The left never wants to admit that rich people generally get where they are because they have provided more value to others than a laborer has. A person who invents a new tool that saves an hour of work per week for 100,000 people has created more value than a thousand laborers will in their entire lives. A person who comes up with a corporate structure that lowers costs for groceries and clothing by $100/year for 50 million people has done more for the greater good and provided more GDP growth to society than 100,000 extra laborers would.
The fact that such people accumulate capital is a good thing. It’s a feature of capitalism that money tends to flow to those who make more productive use of it than others. And that value DOES trickle down to the worker. Why do you think the poverty line in the United States is more than twice the world average income? Why do you think an unskilled laborer in the U.S. can make 10/hr when the same unskilled worker in China makes .50/hr? It’s because the worker in the U.S. benefits from being a part of an infrastructure built through capital investment. His labor is magnified in productivity through the process of rich people trying to get richer by creating more efficient processes and better goods and services.

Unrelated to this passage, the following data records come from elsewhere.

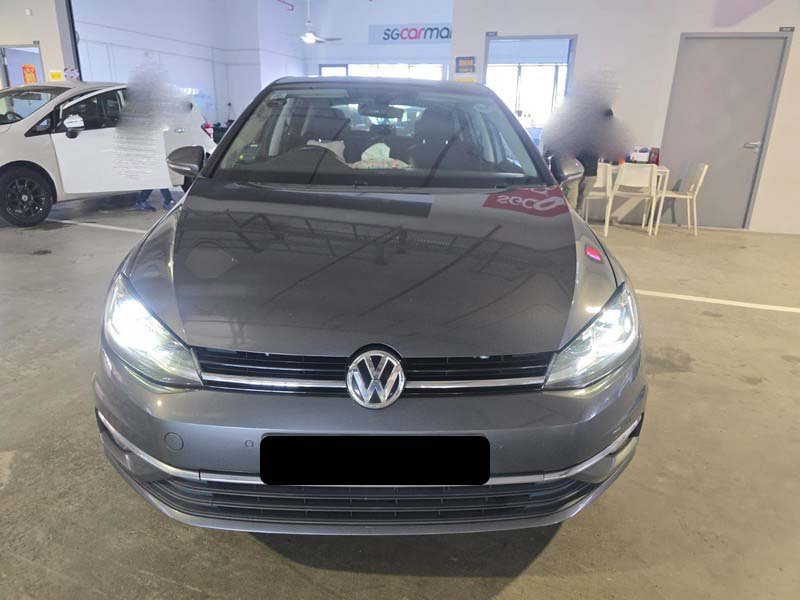 Volkswagen Golf 1.4 Tsi Cl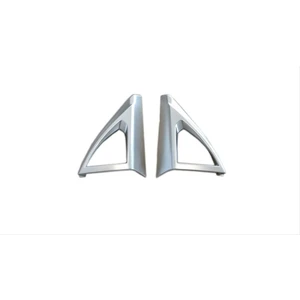 Drs Tuning Peugeot 3008 2016+ Tweeter Kaplama Silver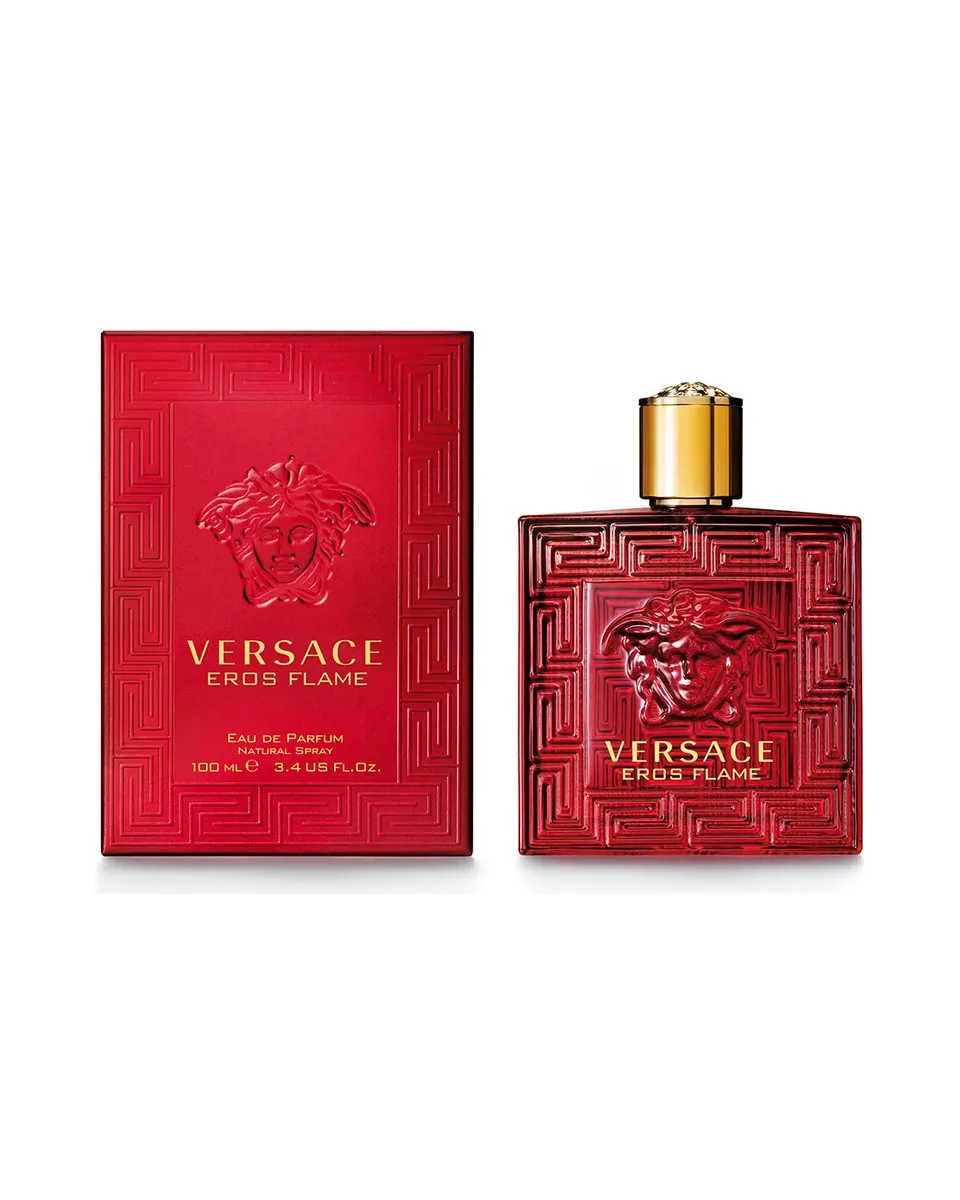 VERSACE EROS FLAME HOMBRE EDP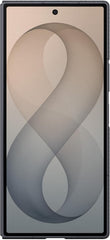 Samsung Galaxy Z Fold8 Ultra Carbon Standing Case, Graphite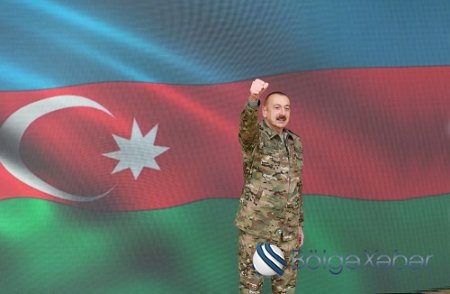 "Azərbaycan Ordusu Laçına yerləşdi" - Prezident elan etdi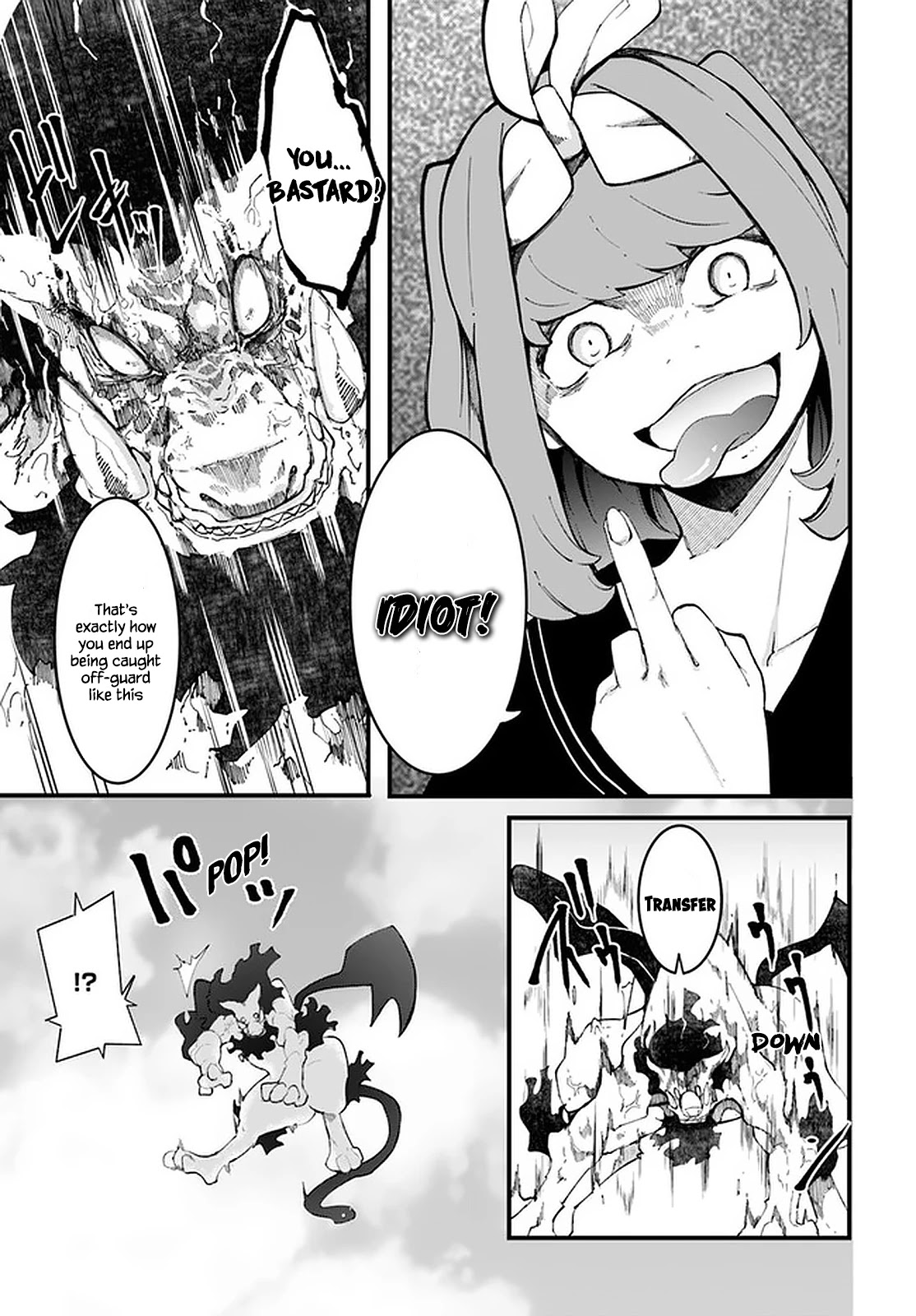 Seichou Cheat de Nandemo Dekiru you ni Natta ga, Mushoku dake wa Yamerarenai you desu Chapter 48 page 35 - Chapter 48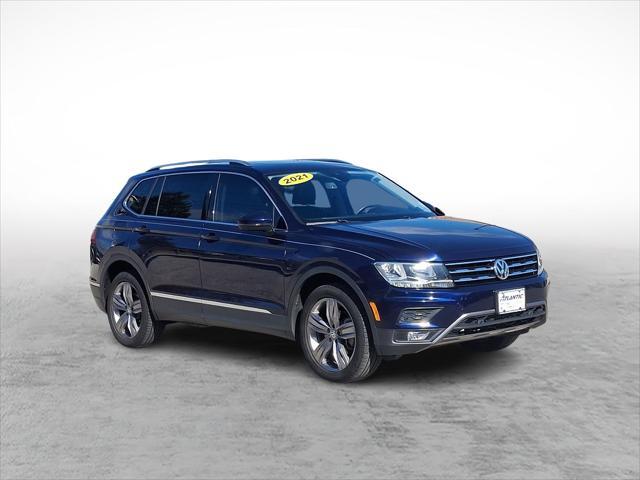 2021 Volkswagen Tiguan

Screw with this system at your peril.
http://jimhightower.com/node/7502 The financial reform act passed last year airs the pay discrepancy between workers and execs at major corporations. The Repubs are listening to lobbyists and will try to kill the reporting provision. The corps like banks are happy to take billions in tax money, but now they are flexing their muscles again. We know who they work for.
No it isn’t. It’s decided by businesses squeezing the maximum amount of labor in return for the minimum amount of pay and consideration they can give in return. And the workers in general are in no position to just walk away, we’ve made sure of that with “labor discipline”, AKA making sure that there’s always a dearth of jobs and that not having a job is terrifying.
Nonsense. People aren’t rewarded for taking risks, they are rewarded for putting other people at risk. Those rich people you worship risk the wealth, careers and lives of other people, not their own.
And neither of them is likely to be the person who ends up with the profits. And that tool would be worth nothing without the laborers.
No, it flows towards the people who are the most psychopathic, the most destructive, the most willing to ruin the lives of everyone else for profit. And in a consumer driven economy like ours, it is not a good idea for those consumers to have less and less money. Even the old time robber barons knew better than that, but modern corporate America makes them look socialist.
By what mechanism do we redistribute wealth from the bottom 99% to the top 1%?
Raising taxes and fees while lowering services and wages for the bottom +90%, while doing the opposite for the top few percent.